Christopher Benson-Manica wrote:
Quote:
In a thread from substantially earlier this week,
>
Harald van D?k <truedfx@gmail.comwrote:
>
Quote:
>getchar does not work with plain chars, it works with unsigned chars. 163
>fits just fine in an unsigned char, so getchar is allowed to return 163.
>
Being rather pendantic, I decided to try to verify whether this was
true. I would appreciate knowing whether my reading of the Standard
is correct.
>
7.19.7.1 (as we all know) states that fgetc() (and thus its friends)
"obtains [a] character as an unsigned char converted to an int".
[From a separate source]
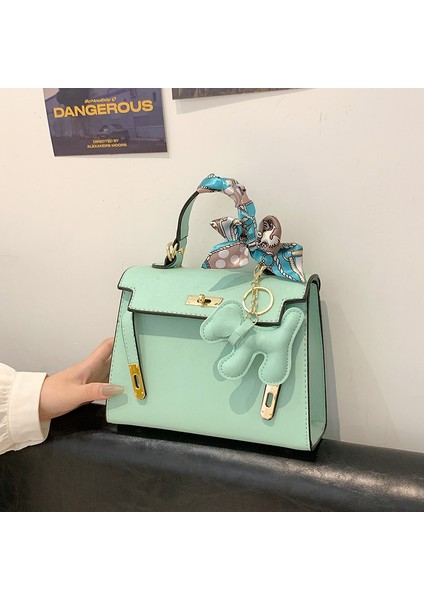 Moda Büyük Kapasiteli Omuz Crossbody Ünlü Kelly Çanta (Yurt Dışından)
There is nothing in the Standard (that I was able to find) which
states that sizeof(int) may not be 1, so it occurred to me to ask, "Is
163 always representable as a signed int if sizeof(int) is 1?"
5.2.4.2.1 states that INT_MAX may not be less than 32767, so the
answer to that question appears to be "yes".
Right.
Quote:
On the other hand, I do not see anything in 5.2.4.2.1 which requires
that UCHAR_MAX not be greater than INT_MAX - which indeed it must be,
if sizeof(int) == 1, correct?
Correct. signed int has at least INT_MAX - INT_MIN + 1 distinct
representations, and if sizeof(int) == 1, that means unsigned char must be
capable of storing at least that many values. However, it is allowed to be
capable of storing even more.
Quote:
In such a case, fgetc() may return
UCHAR_MAX (right?), and so either fgetc() must work behind-the-scenes
magic to return a signed integer representing UCHAR_MAX, or invoke UB
by overflowing the signed type int. Both of these alternatives seem
ridiculous to me, so what am I missing?
The behaviour is not undefined for integer conversions of out-of-range
values, not even for the signed types. Either the result is
implementation-defined, or an implementation-defined signal is raised, see
6.3.1.3p3. The result is the same: fgetc need not or cannot be meaningful.
However, 7.19.2p3 states that
"A binary stream is an ordered sequence of characters that can transparently
record internal data. Data read in from a binary stream shall compare equal
to the data that were earlier written out to that stream, under the same
implementation. Such a stream may, however, have an implementation-defined
number of null characters appended to the end of the stream."
This requirement cannot be met by an implementation where the conversion of
out-of-range values results in a signal, or where the conversion of
out-of-range values cannot be reverted. So by my reading, only freestanding
implementations that do not provide the standard I/O functions at all are
allowed to define unsigned char and int in such ways.